DATA TO PROCESS —
╭──

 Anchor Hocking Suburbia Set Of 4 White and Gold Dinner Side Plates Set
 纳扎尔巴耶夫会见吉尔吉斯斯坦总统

╰──
╭──

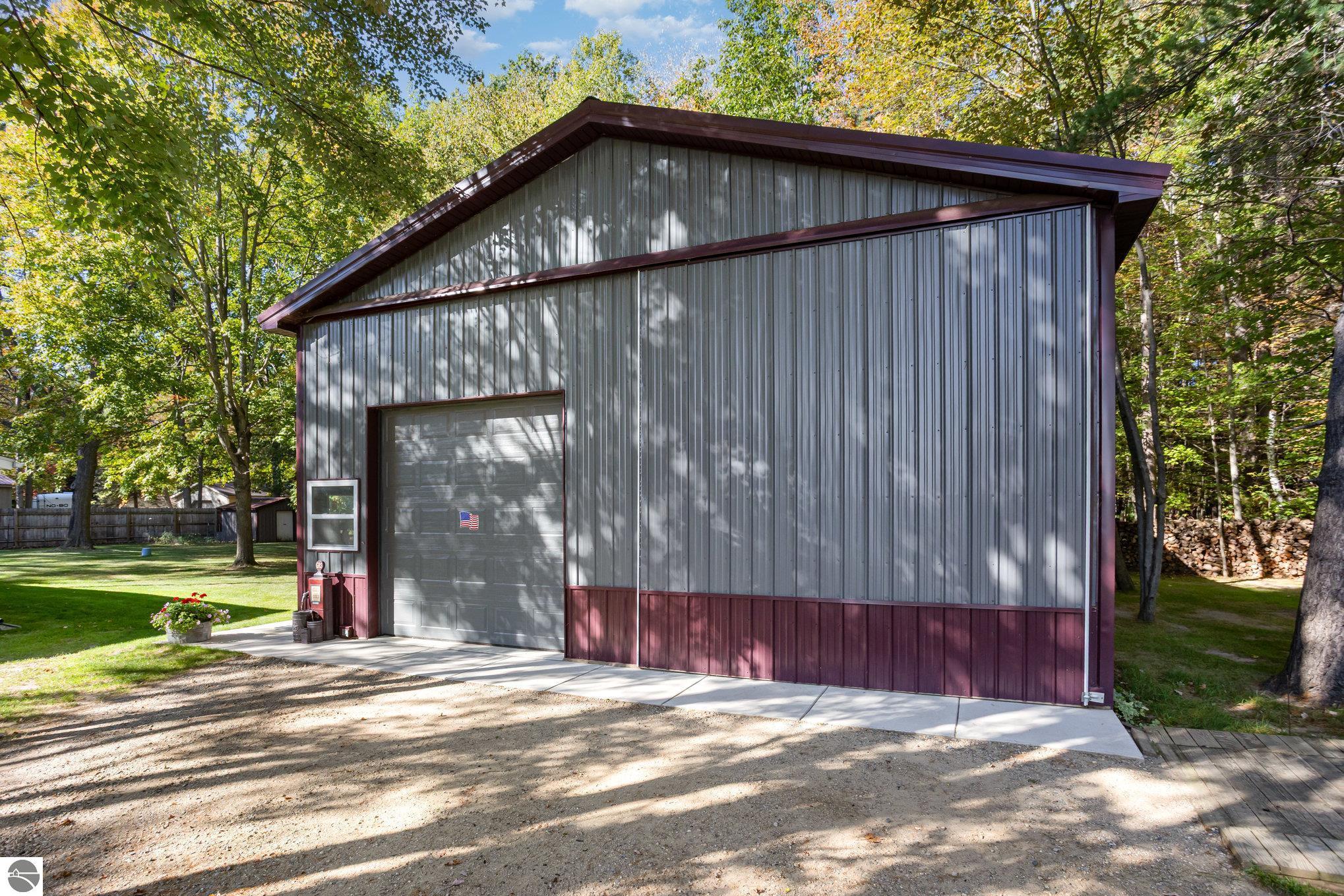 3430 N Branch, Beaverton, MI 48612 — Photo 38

╰──

DESCRIPTION OF THE TASK —
Every line from the line containing "Anchor Hocking Suburbia" through the line containing "纳扎尔巴耶夫会见吉尔吉斯斯坦总统" in the records above must be retyped exactly. Leave out the rest.

EXPECTED ANSWER —
 Anchor Hocking Suburbia Set Of 4 White and Gold Dinner Side Plates Set
 纳扎尔巴耶夫会见吉尔吉斯斯坦总统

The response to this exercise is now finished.